▸ **What is being asked**: Take the line that contains "Миша HOCO GM37" and every line below it to the end of the entries, and give them again exactly, leaving out any pictures.

Scraped caption text data
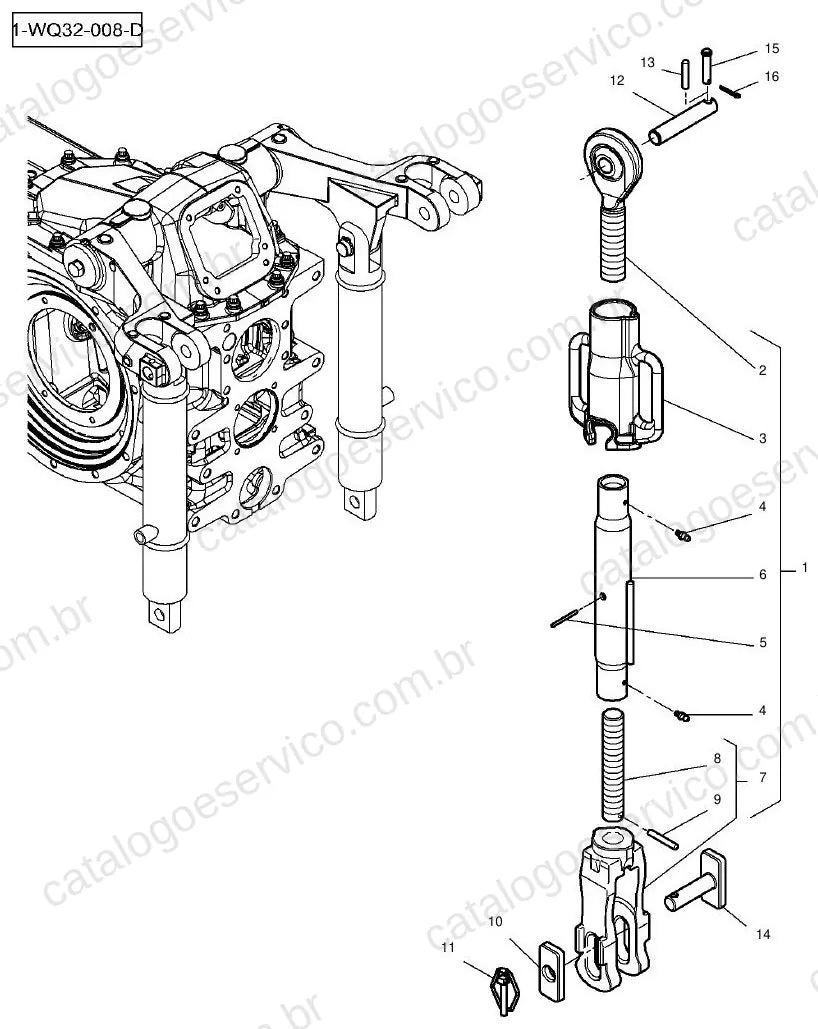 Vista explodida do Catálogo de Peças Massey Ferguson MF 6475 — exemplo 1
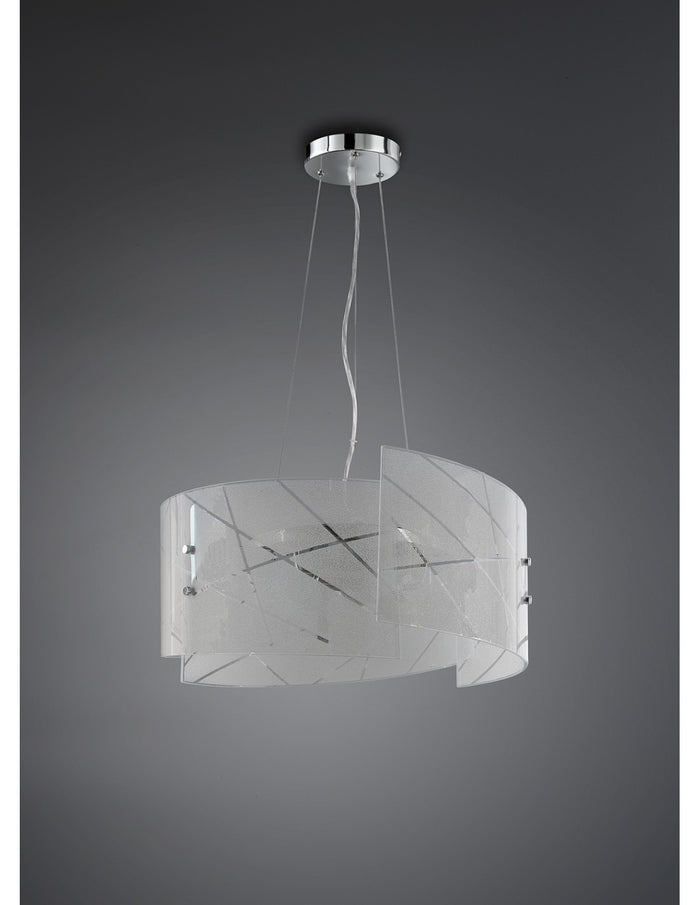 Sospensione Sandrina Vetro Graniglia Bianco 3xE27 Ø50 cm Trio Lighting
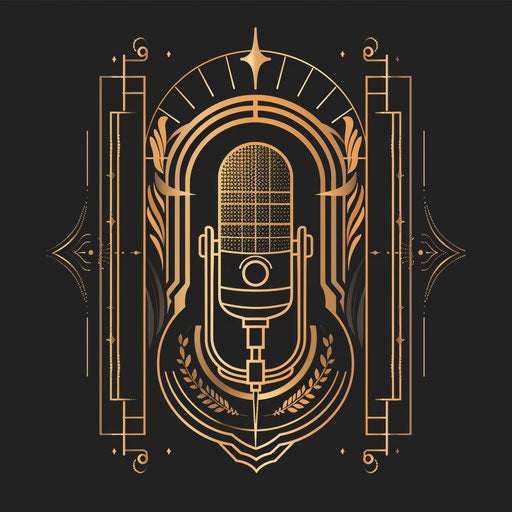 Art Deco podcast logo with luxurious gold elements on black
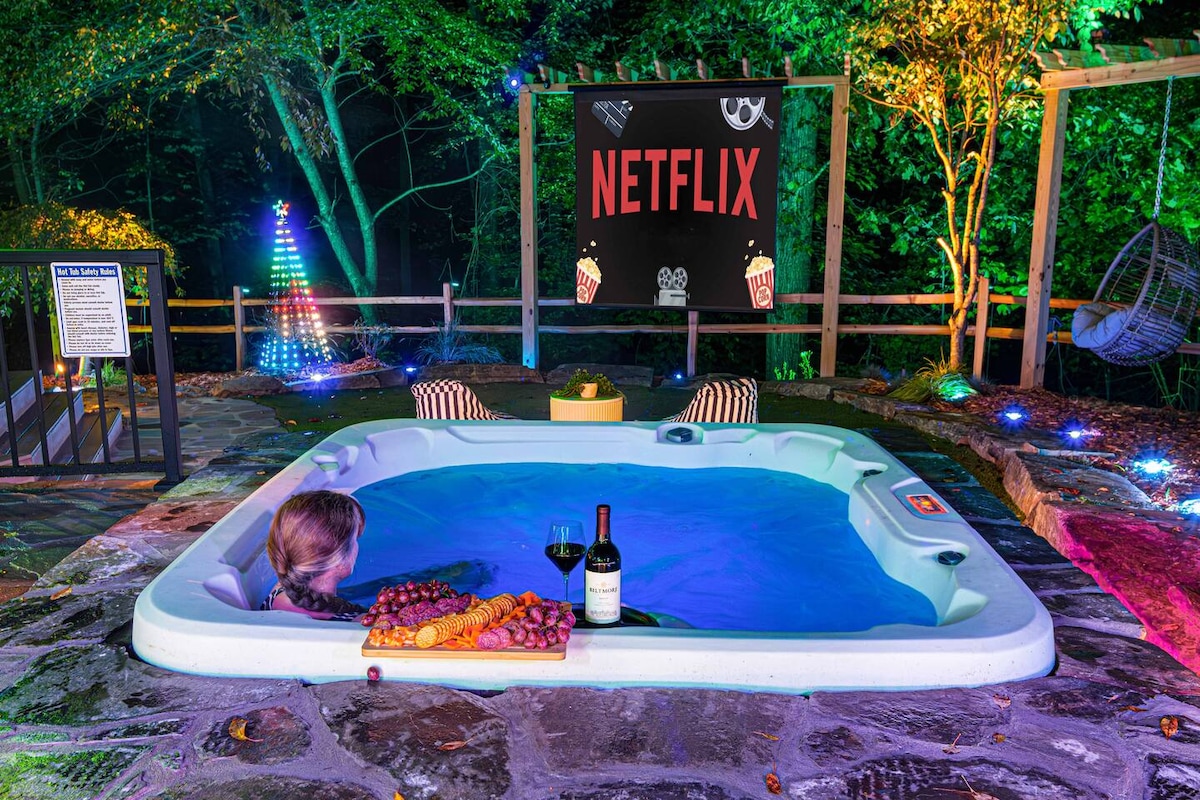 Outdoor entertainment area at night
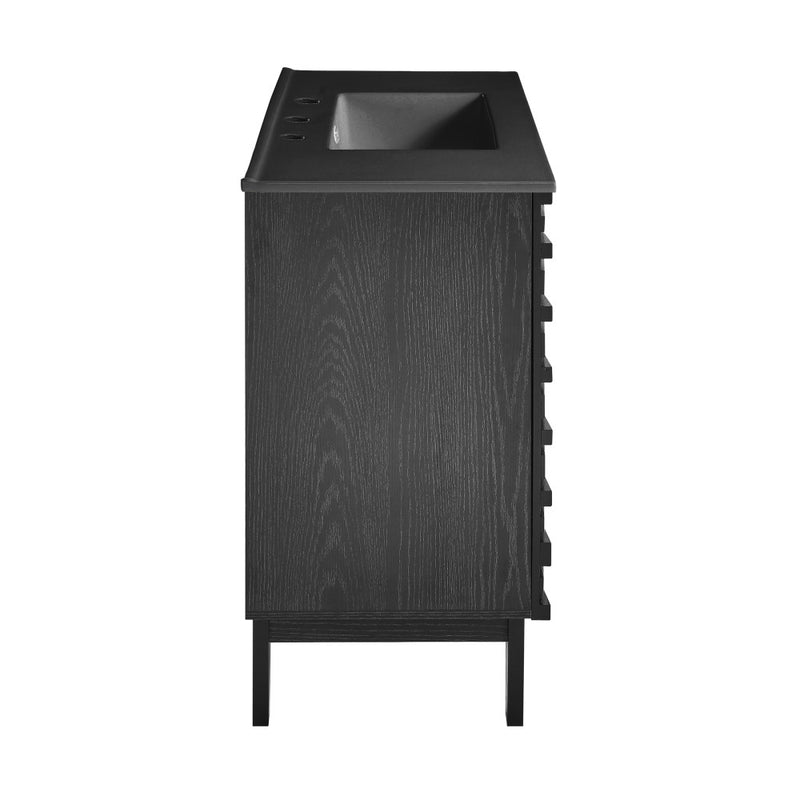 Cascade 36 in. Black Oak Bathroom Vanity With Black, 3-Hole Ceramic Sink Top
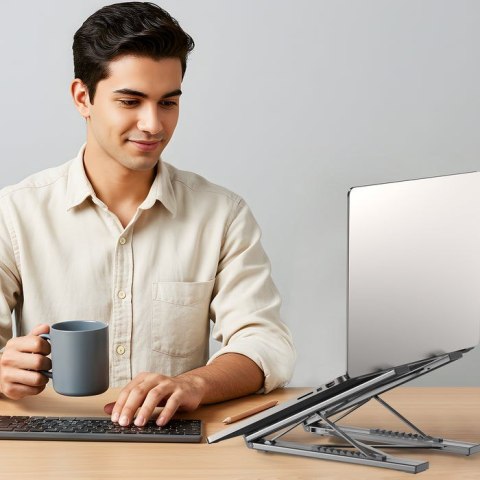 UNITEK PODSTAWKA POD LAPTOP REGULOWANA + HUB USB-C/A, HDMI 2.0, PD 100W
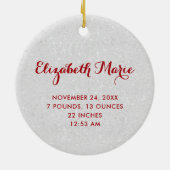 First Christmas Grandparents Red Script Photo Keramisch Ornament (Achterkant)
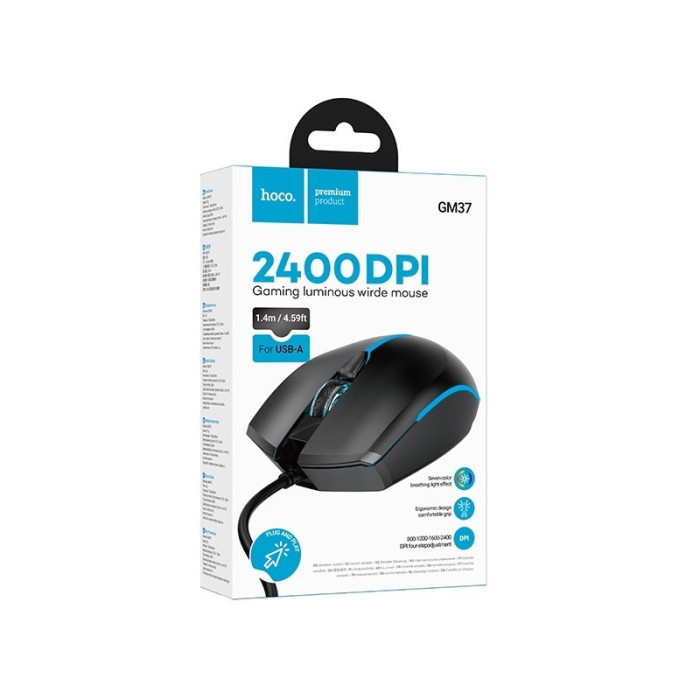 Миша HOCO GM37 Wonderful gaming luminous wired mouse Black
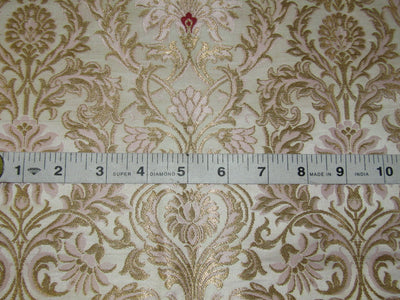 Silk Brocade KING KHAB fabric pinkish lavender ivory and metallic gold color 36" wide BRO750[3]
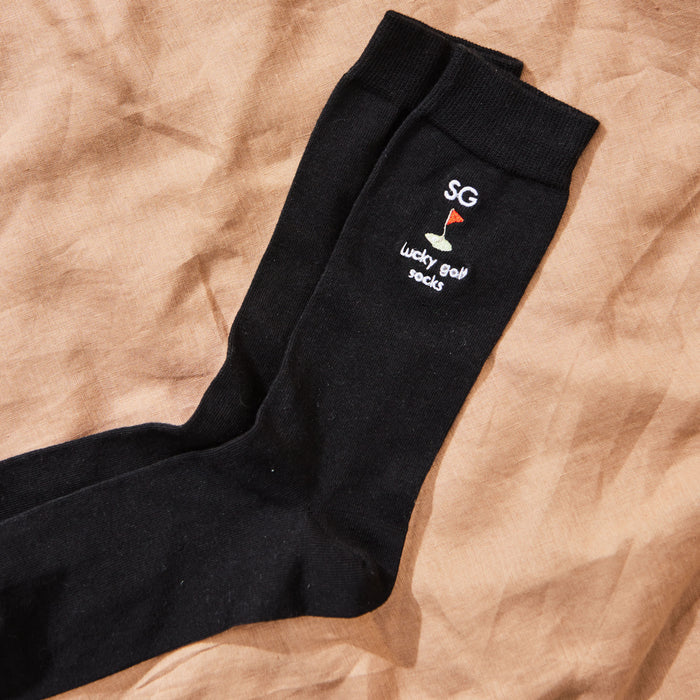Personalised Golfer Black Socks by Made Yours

▸ **Task answer**:
 Миша HOCO GM37 Wonderful gaming luminous wired mouse Black
 Silk Brocade KING KHAB fabric pinkish lavender ivory and metallic gold color 36" wide BRO750[3]
Personalised Golfer Black Socks by Made Yours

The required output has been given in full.